What to do:
What is needed is an exact transcription of every record, minus the pictures.

─── Information supplied ───

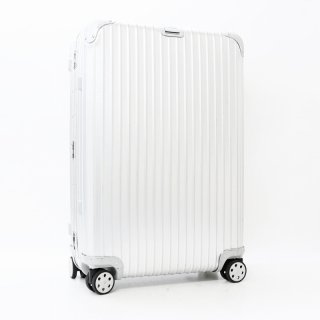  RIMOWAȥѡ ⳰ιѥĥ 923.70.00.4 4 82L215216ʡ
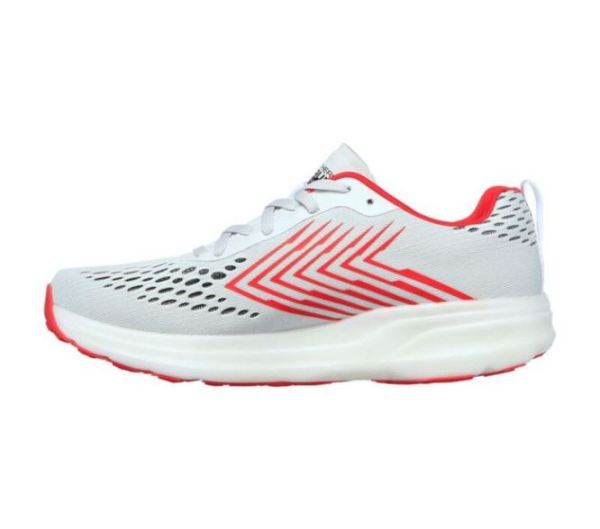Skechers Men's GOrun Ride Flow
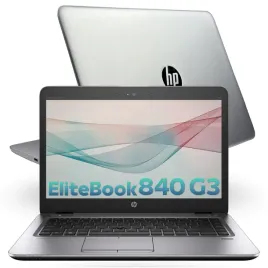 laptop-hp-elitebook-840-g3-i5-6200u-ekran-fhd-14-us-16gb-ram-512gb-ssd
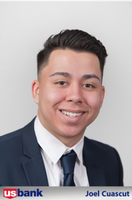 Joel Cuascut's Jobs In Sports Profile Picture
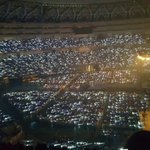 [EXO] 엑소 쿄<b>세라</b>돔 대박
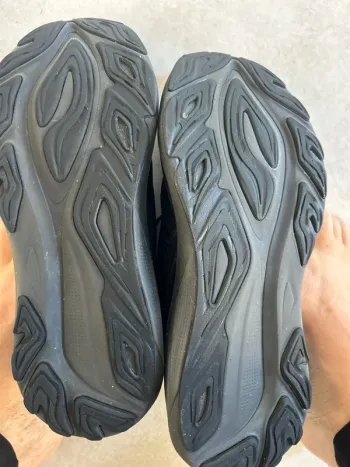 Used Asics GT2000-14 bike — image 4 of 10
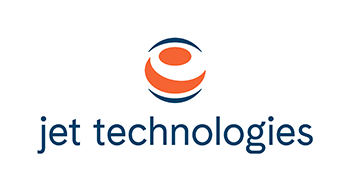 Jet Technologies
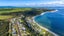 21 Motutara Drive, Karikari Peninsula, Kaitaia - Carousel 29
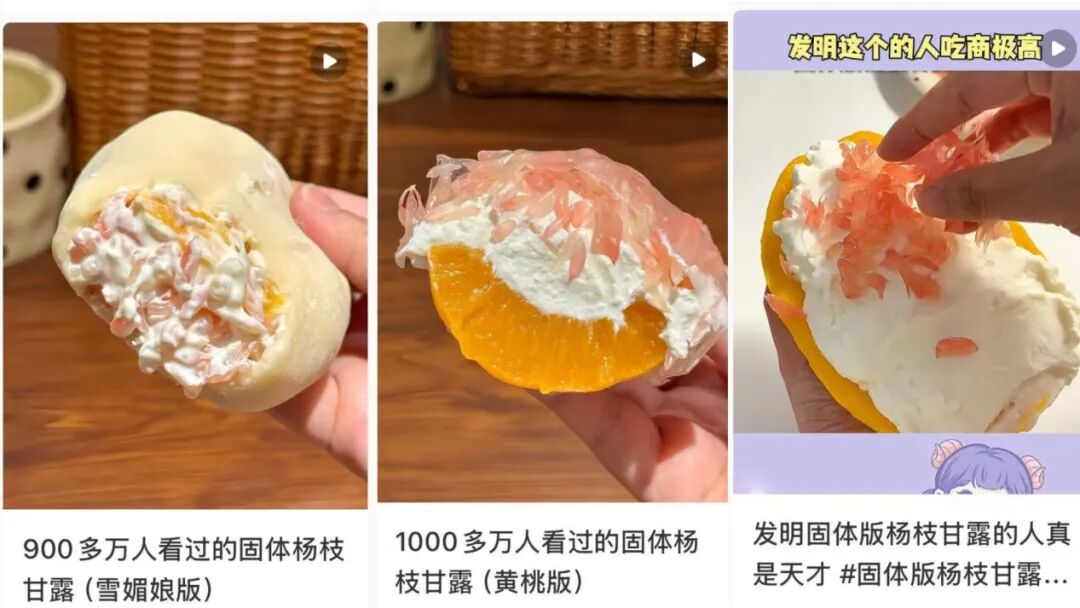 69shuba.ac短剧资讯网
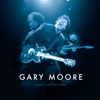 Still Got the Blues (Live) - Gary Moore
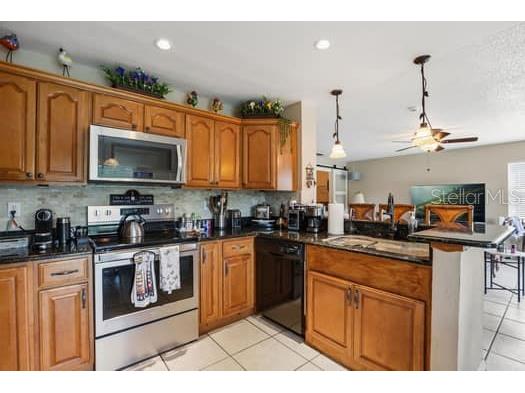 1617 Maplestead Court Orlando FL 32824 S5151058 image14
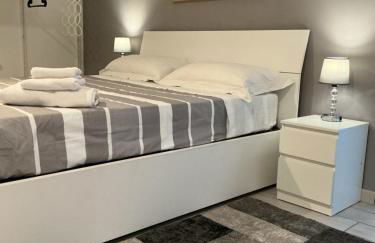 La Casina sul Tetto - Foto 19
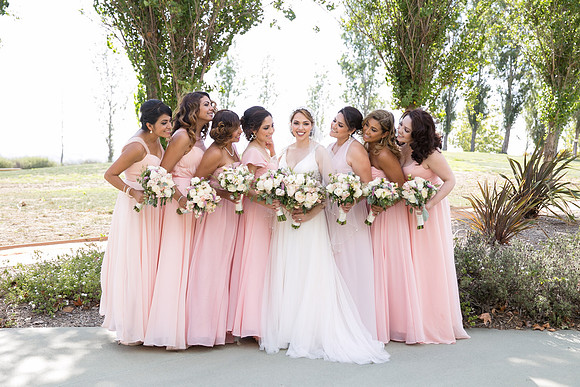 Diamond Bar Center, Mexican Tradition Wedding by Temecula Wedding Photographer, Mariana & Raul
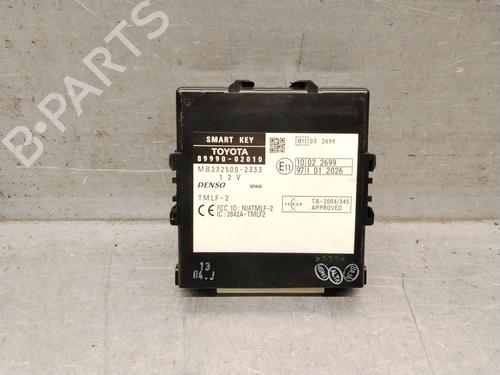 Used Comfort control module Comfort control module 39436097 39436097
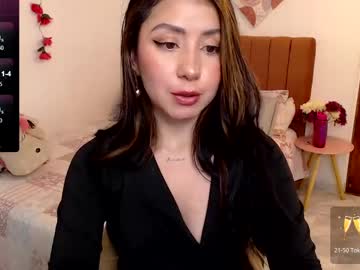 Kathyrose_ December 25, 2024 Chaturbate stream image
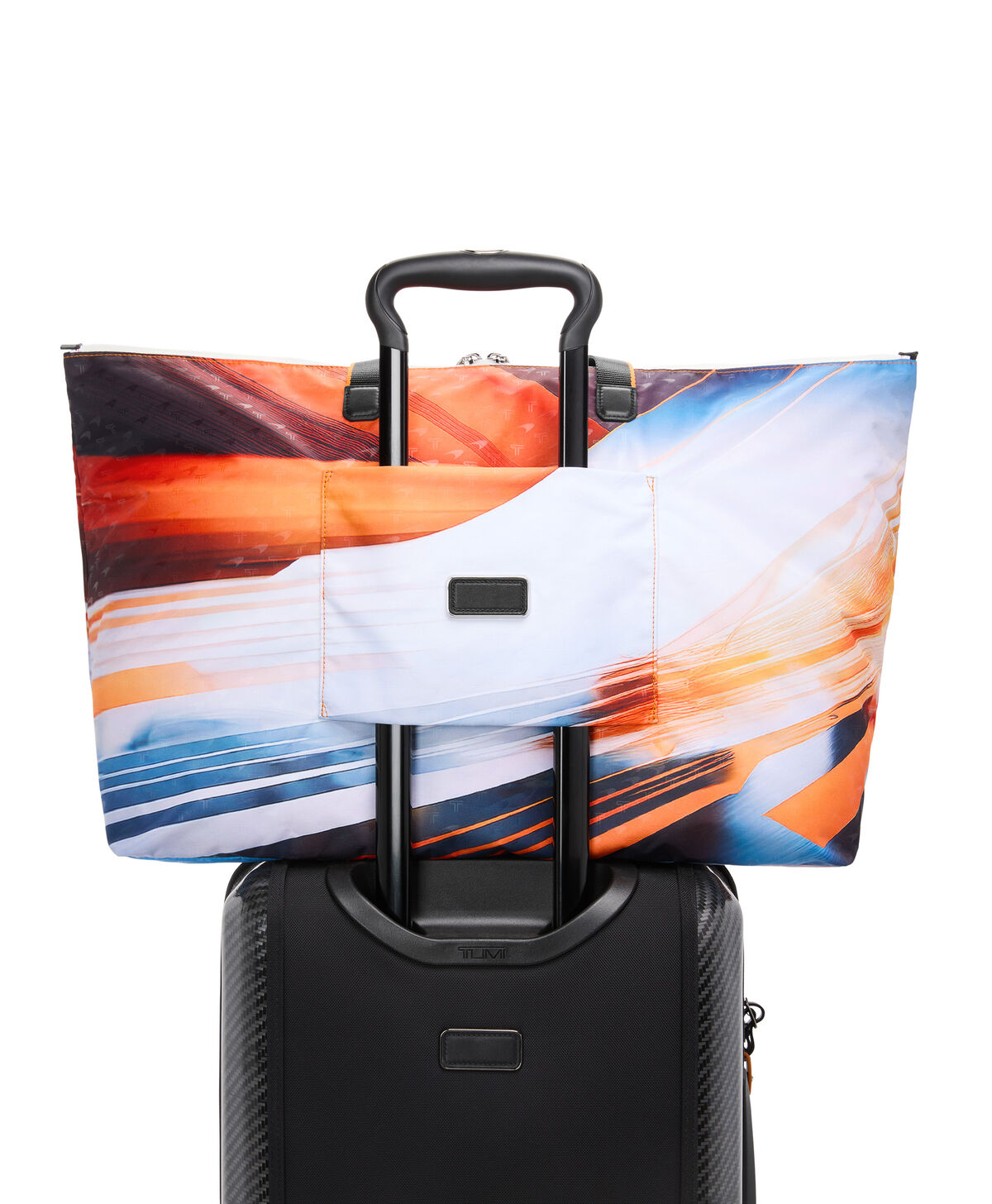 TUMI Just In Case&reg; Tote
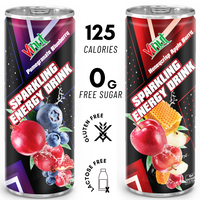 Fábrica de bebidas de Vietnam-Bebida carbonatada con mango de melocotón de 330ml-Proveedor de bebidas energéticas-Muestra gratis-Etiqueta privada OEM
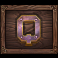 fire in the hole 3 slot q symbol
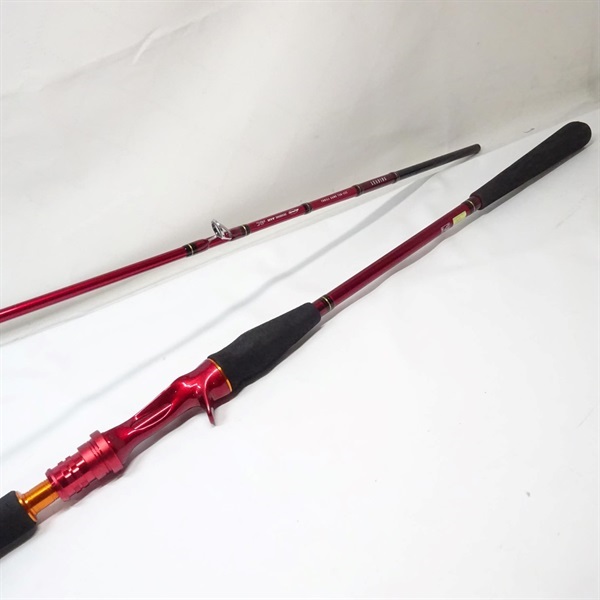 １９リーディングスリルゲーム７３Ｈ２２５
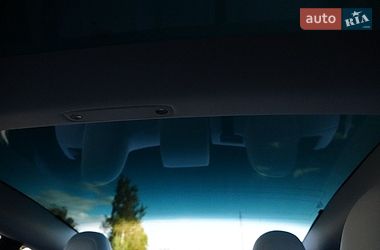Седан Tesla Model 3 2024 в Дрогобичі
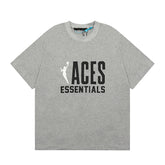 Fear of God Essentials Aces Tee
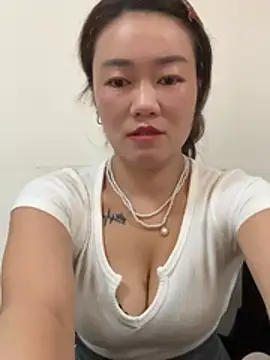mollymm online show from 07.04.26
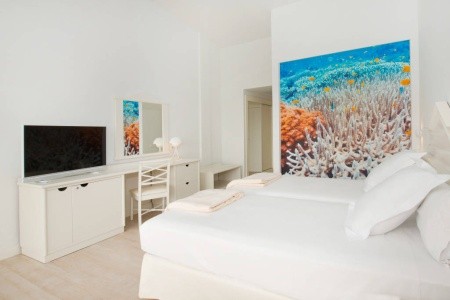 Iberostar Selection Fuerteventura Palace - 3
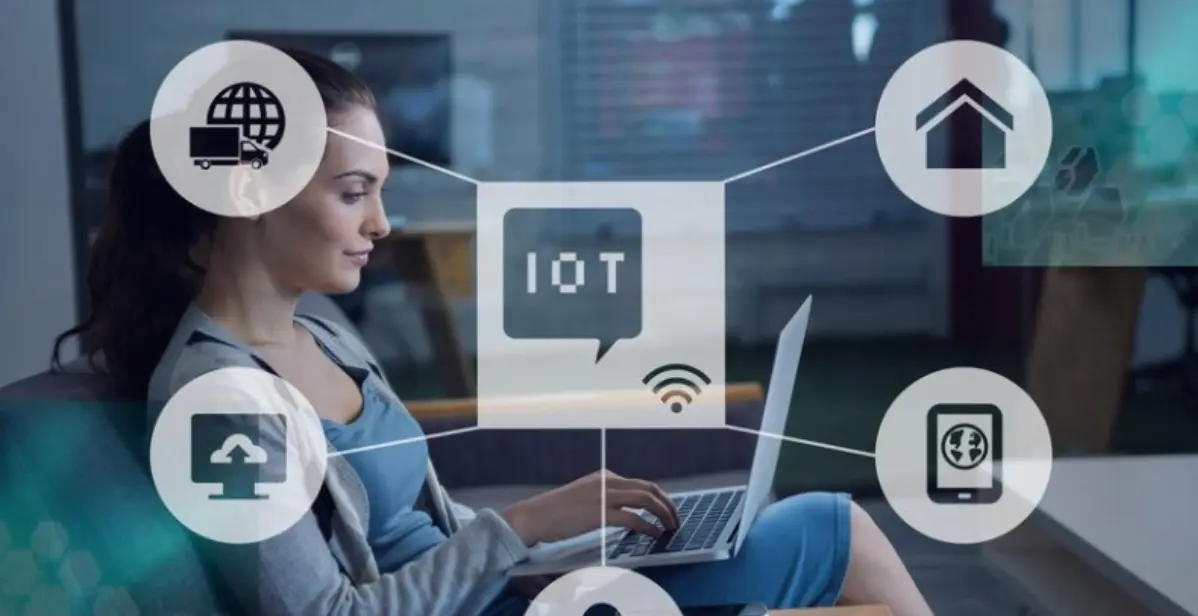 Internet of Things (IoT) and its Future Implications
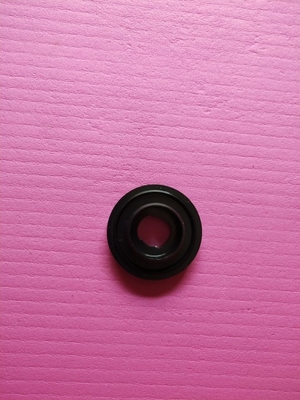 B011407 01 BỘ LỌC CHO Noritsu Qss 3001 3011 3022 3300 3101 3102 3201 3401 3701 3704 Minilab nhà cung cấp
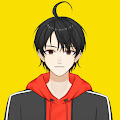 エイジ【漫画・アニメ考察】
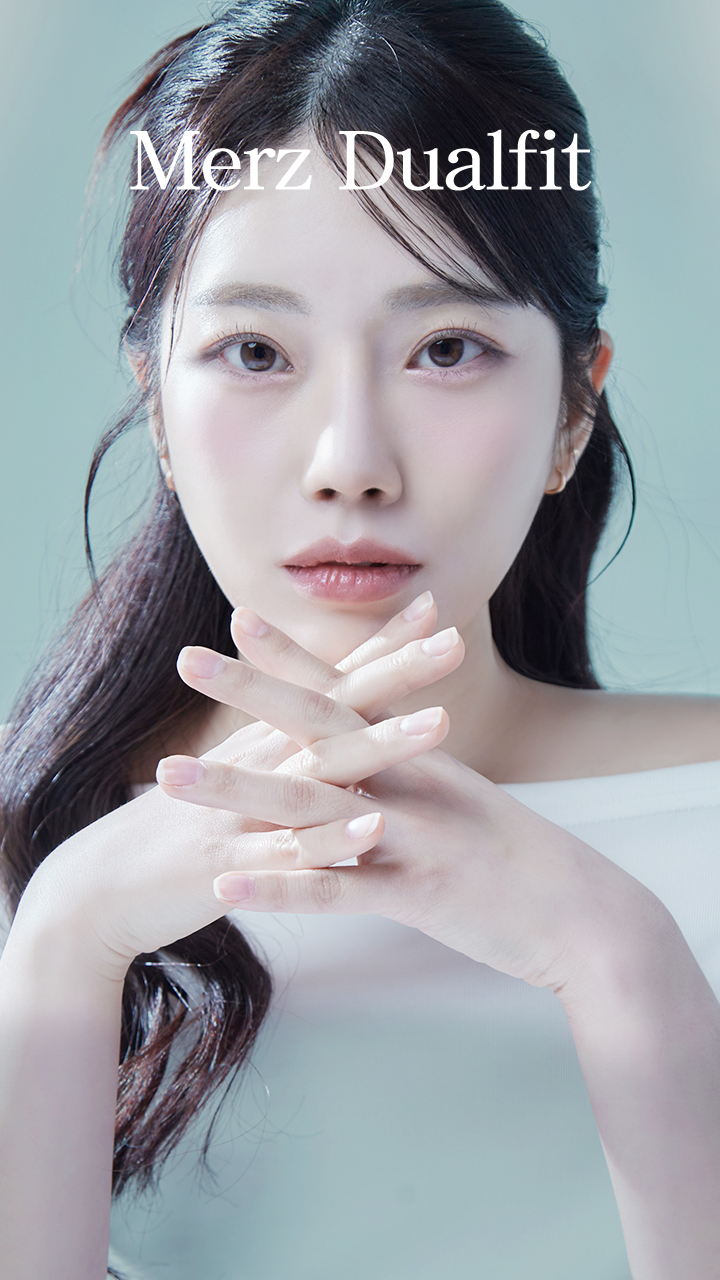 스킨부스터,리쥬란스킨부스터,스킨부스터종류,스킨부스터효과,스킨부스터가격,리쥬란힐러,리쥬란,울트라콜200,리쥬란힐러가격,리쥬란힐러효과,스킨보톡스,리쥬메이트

───

Exercise answer:
  RIMOWAȥѡ ⳰ιѥĥ 923.70.00.4 4 82L215216ʡ
Skechers Men's GOrun Ride Flow
 laptop-hp-elitebook-840-g3-i5-6200u-ekran-fhd-14-us-16gb-ram-512gb-ssd
 Joel Cuascut's Jobs In Sports Profile Picture
 [EXO] 엑소 쿄<b>세라</b>돔 대박
 Used Asics GT2000-14 bike — image 4 of 10
 Jet Technologies
 21 Motutara Drive, Karikari Peninsula, Kaitaia - Carousel 29
 69shuba.ac短剧资讯网
 Still Got the Blues (Live) - Gary Moore
 1617 Maplestead Court Orlando FL 32824 S5151058 image14
 La Casina sul Tetto - Foto 19
 Diamond Bar Center, Mexican Tradition Wedding by Temecula Wedding Photographer, Mariana & Raul
 Used Comfort control module Comfort control module 39436097 39436097
 Kathyrose_ December 25, 2024 Chaturbate stream image
 TUMI Just In Case&reg; Tote
 Fábrica de bebidas de Vietnam-Bebida carbonatada con mango de melocotón de 330ml-Proveedor de bebidas energéticas-Muestra gratis-Etiqueta privada OEM
 fire in the hole 3 slot q symbol
 １９リーディングスリルゲーム７３Ｈ２２５
Седан Tesla Model 3 2024 в Дрогобичі
 Fear of God Essentials Aces Tee
mollymm online show from 07.04.26
 Iberostar Selection Fuerteventura Palace - 3
 Internet of Things (IoT) and its Future Implications
 B011407 01 BỘ LỌC CHO Noritsu Qss 3001 3011 3022 3300 3101 3102 3201 3401 3701 3704 Minilab nhà cung cấp
 エイジ【漫画・アニメ考察】
 스킨부스터,리쥬란스킨부스터,스킨부스터종류,스킨부스터효과,스킨부스터가격,리쥬란힐러,리쥬란,울트라콜200,리쥬란힐러가격,리쥬란힐러효과,스킨보톡스,리쥬메이트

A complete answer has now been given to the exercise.